Prosecutors have 48 hours to appeal an order to review all evidence against four alleged homegrown terrorists after a judge said they failed to turn over key information about the lead defendant.
Judge Colleen McMahon indefinitely postponed the trial of the men from upstate Newburgh this afternoon and said she would consider arguments on Monday to release them on bail pending further developments in the case.
“No guarantees, gentlemen, no guarantees. But I will listen to bail applications, given everything that has gone on,” she said.
All four have been jailed since they were arrested in May 2009 on charges of plotting to bomb two Riverdale synagogues and shoot down military aircraft at Stewart Air National Guard Base in Newburgh.
Earlier today, McMahon said a memo by an FBI agent who told security personnel not to worry if they saw James Cromitie conducting surveillance at Stewart should have been revealed to the defense months ago.

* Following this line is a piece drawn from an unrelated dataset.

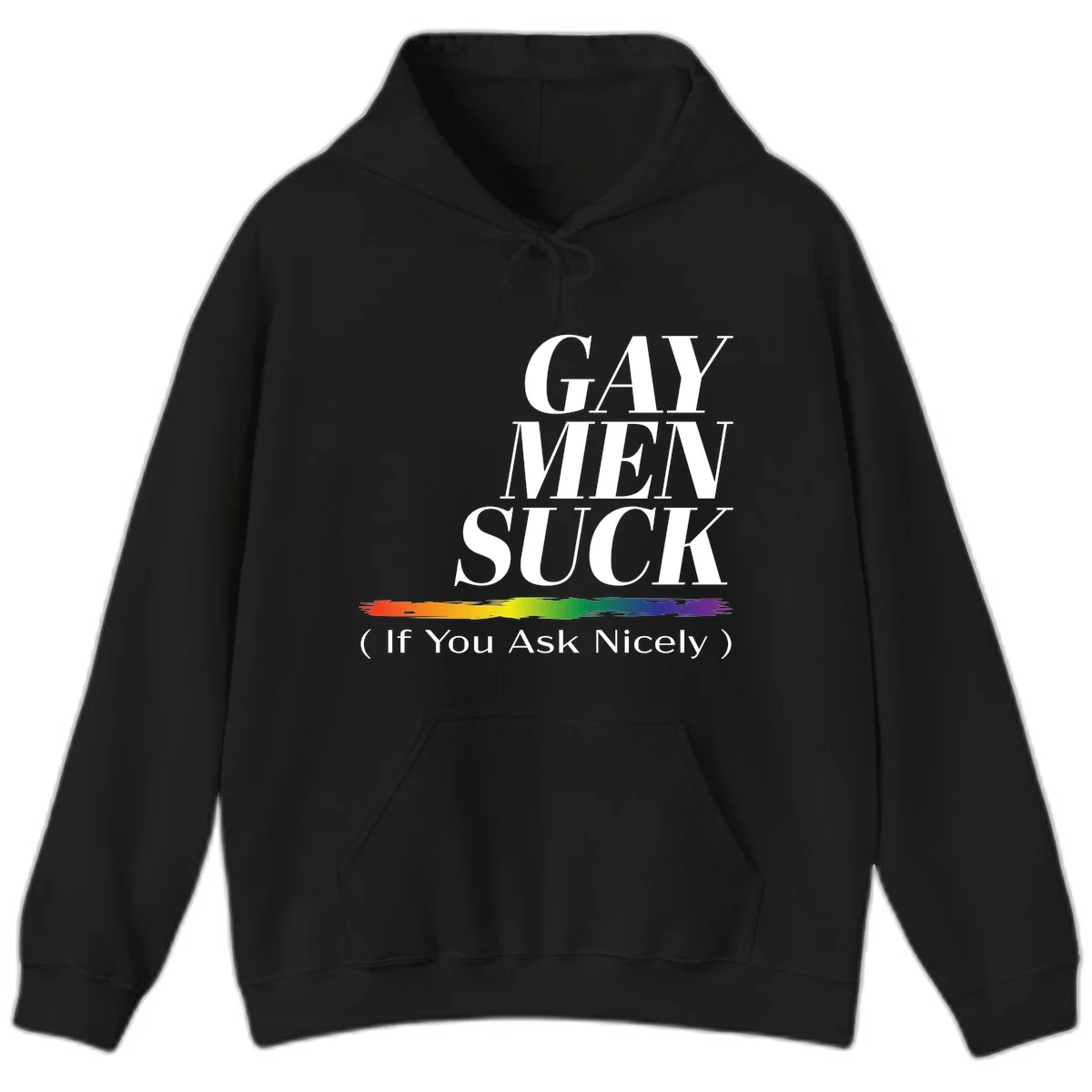 Gay men suck if you ask nicely pride design with white text and rainbow paint stroke accent on gray background in Black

“There is absolutely no excuse for this not to have been raised in the fall or winter,” McMahon said during a hearing this morning in White Plains federal court.
Prosecutor David Raskin — who insisted the memo by Agent Robert Fuller wasn’t covered by disclosure rules governing evidence favorable to the defense — said a review of the voluminous records could take months.
“This case has a lot of tentacles, even though it doesn’t involve overseas terror operations per se,” Raskin said.
The defense contends the men were entrapped by a government informer who lured them into a sting operation.